◆ **Problem requirements**: Please restate word for word the lines of the entries below from the one with "Suites in a Manhattan Mansion - photo 45" to the one with "Gaucho, or Cowboy, is", inclusive, and leave out every picture.

◆ **Supplied information**:
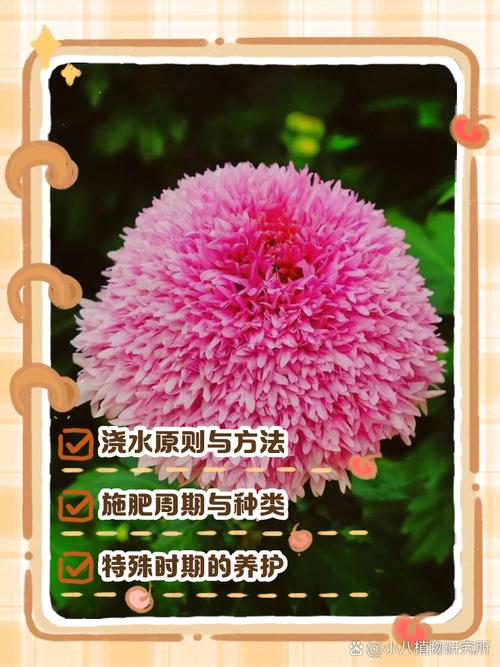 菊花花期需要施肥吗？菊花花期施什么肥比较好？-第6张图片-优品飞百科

==

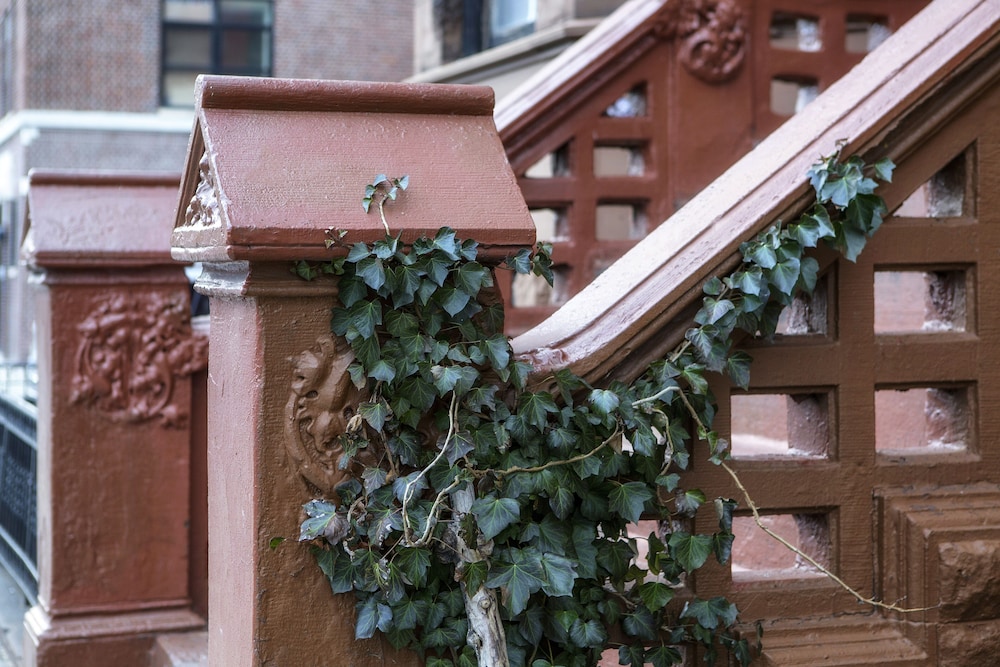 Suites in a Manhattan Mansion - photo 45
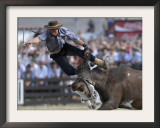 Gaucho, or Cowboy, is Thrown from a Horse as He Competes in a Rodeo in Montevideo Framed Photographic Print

* * *

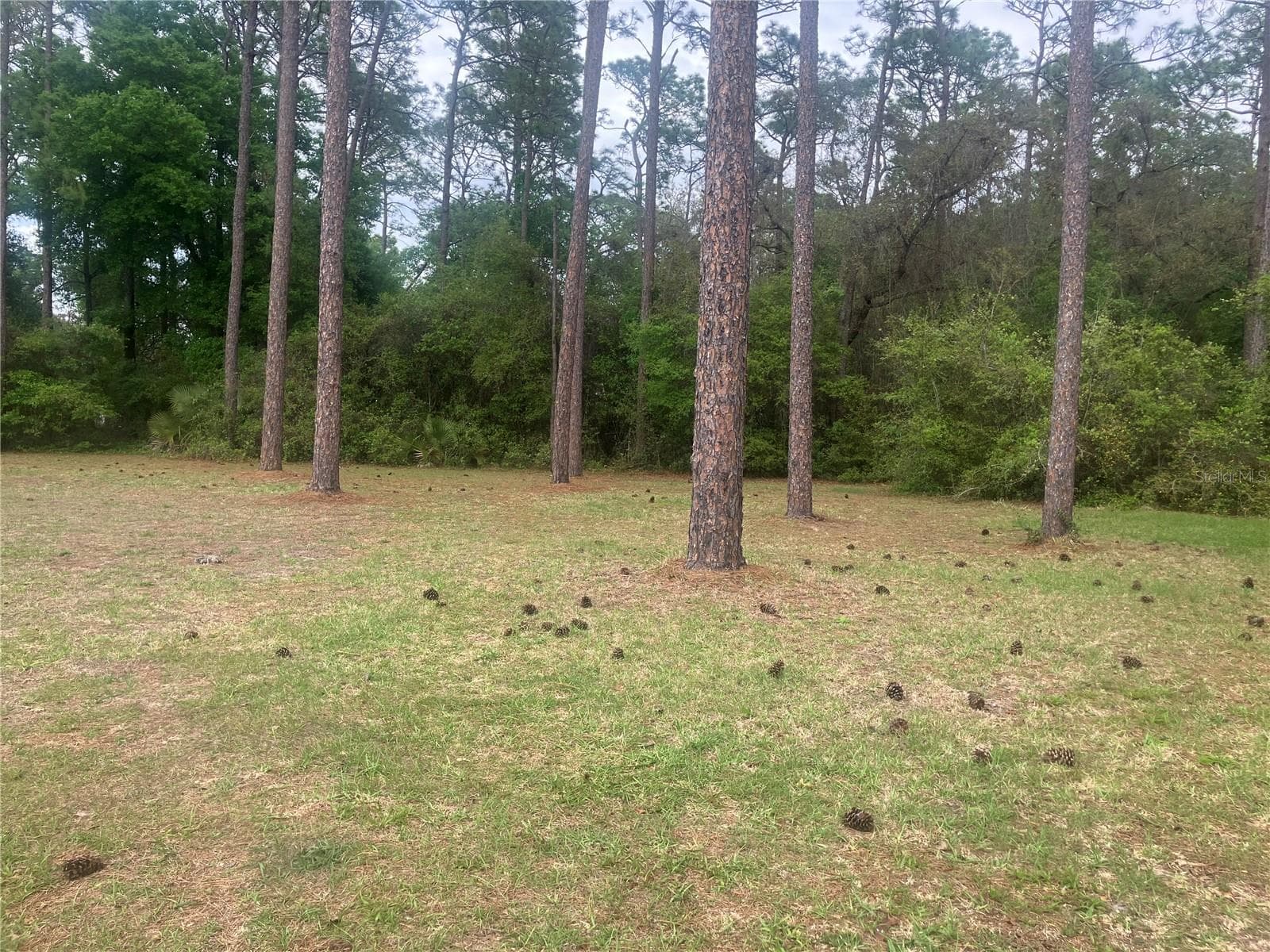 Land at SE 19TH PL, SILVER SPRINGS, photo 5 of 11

◆ **Result of the task**:
 Suites in a Manhattan Mansion - photo 45
 Gaucho, or Cowboy, is Thrown from a Horse as He Competes in a Rodeo in Montevideo Framed Photographic Print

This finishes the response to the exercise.